=== Begin Enclosure ===

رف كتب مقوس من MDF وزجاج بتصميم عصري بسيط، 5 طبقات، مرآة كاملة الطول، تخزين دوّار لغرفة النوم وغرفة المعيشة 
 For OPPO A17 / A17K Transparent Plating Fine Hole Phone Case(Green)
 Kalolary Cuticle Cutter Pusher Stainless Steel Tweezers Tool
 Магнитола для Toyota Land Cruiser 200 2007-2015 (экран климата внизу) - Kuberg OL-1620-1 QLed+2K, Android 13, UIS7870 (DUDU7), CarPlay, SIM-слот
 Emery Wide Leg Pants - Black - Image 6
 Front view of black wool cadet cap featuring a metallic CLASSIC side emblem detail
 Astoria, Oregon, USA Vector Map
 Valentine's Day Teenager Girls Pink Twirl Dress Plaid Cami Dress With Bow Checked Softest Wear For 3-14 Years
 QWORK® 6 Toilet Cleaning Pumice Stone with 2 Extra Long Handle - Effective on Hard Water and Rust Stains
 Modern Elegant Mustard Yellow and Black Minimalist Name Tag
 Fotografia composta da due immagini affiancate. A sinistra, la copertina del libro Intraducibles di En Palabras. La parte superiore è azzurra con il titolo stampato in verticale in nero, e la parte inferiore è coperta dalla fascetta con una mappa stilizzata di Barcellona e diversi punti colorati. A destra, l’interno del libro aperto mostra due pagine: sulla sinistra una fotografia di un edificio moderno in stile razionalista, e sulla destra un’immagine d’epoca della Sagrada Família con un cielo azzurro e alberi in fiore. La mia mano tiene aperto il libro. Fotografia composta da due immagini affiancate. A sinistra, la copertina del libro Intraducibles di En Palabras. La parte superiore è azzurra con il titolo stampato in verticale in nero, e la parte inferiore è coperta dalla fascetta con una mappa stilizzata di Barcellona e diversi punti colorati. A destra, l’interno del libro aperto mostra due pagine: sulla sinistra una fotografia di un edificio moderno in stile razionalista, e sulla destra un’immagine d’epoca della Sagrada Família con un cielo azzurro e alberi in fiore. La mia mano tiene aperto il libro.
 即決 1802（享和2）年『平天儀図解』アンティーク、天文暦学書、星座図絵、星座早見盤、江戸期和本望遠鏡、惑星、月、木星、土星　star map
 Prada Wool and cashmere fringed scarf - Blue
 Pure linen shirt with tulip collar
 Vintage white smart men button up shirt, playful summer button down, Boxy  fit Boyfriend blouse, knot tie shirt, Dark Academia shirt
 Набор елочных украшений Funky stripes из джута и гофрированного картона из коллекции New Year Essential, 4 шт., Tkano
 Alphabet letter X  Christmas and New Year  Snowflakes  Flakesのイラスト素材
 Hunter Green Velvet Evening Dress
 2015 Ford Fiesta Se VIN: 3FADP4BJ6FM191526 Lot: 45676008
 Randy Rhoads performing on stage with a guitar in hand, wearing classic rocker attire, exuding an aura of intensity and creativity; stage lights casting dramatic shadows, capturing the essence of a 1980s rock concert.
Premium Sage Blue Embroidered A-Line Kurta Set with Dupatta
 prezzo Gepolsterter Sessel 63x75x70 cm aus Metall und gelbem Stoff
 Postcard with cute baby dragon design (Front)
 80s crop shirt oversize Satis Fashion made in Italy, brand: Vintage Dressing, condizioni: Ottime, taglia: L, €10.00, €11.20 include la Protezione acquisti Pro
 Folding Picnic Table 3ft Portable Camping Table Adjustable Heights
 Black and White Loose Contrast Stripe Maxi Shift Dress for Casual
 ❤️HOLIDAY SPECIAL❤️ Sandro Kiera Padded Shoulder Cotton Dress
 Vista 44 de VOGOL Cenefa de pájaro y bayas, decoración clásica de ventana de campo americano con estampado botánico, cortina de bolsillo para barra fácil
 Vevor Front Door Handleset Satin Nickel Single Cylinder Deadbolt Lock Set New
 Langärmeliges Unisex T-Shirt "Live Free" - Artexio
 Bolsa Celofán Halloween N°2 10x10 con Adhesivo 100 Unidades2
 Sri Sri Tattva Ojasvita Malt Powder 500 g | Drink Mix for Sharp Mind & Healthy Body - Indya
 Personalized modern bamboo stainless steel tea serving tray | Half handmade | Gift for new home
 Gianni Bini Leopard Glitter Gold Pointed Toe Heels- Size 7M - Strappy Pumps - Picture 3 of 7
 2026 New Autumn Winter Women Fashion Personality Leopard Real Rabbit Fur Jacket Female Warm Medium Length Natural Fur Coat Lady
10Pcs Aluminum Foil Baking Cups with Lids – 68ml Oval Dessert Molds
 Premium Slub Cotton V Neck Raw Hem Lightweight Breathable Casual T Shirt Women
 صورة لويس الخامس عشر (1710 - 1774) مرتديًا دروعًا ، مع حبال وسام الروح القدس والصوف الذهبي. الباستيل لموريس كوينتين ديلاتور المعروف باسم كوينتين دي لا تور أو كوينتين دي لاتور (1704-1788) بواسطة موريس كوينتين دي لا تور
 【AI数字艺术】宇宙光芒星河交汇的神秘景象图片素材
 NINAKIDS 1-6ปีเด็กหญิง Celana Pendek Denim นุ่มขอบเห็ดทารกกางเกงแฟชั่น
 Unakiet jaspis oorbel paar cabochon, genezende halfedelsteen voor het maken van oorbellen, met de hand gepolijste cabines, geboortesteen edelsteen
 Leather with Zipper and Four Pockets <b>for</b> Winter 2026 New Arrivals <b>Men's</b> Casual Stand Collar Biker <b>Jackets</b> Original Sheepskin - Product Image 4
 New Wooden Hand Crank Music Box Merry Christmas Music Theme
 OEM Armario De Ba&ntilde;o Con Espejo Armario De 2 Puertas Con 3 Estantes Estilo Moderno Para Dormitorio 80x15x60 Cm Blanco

=== End Enclosure ===

### What is needed
Starting at the line that contains "Gianni Bini Leopard", reproduce each line through the end of the records exactly, both ends included.

### The completed task
 Gianni Bini Leopard Glitter Gold Pointed Toe Heels- Size 7M - Strappy Pumps - Picture 3 of 7
 2026 New Autumn Winter Women Fashion Personality Leopard Real Rabbit Fur Jacket Female Warm Medium Length Natural Fur Coat Lady
10Pcs Aluminum Foil Baking Cups with Lids – 68ml Oval Dessert Molds
 Premium Slub Cotton V Neck Raw Hem Lightweight Breathable Casual T Shirt Women
 صورة لويس الخامس عشر (1710 - 1774) مرتديًا دروعًا ، مع حبال وسام الروح القدس والصوف الذهبي. الباستيل لموريس كوينتين ديلاتور المعروف باسم كوينتين دي لا تور أو كوينتين دي لاتور (1704-1788) بواسطة موريس كوينتين دي لا تور
 【AI数字艺术】宇宙光芒星河交汇的神秘景象图片素材
 NINAKIDS 1-6ปีเด็กหญิง Celana Pendek Denim นุ่มขอบเห็ดทารกกางเกงแฟชั่น
 Unakiet jaspis oorbel paar cabochon, genezende halfedelsteen voor het maken van oorbellen, met de hand gepolijste cabines, geboortesteen edelsteen
 Leather with Zipper and Four Pockets <b>for</b> Winter 2026 New Arrivals <b>Men's</b> Casual Stand Collar Biker <b>Jackets</b> Original Sheepskin - Product Image 4
 New Wooden Hand Crank Music Box Merry Christmas Music Theme
 OEM Armario De Ba&ntilde;o Con Espejo Armario De 2 Puertas Con 3 Estantes Estilo Moderno Para Dormitorio 80x15x60 Cm Blanco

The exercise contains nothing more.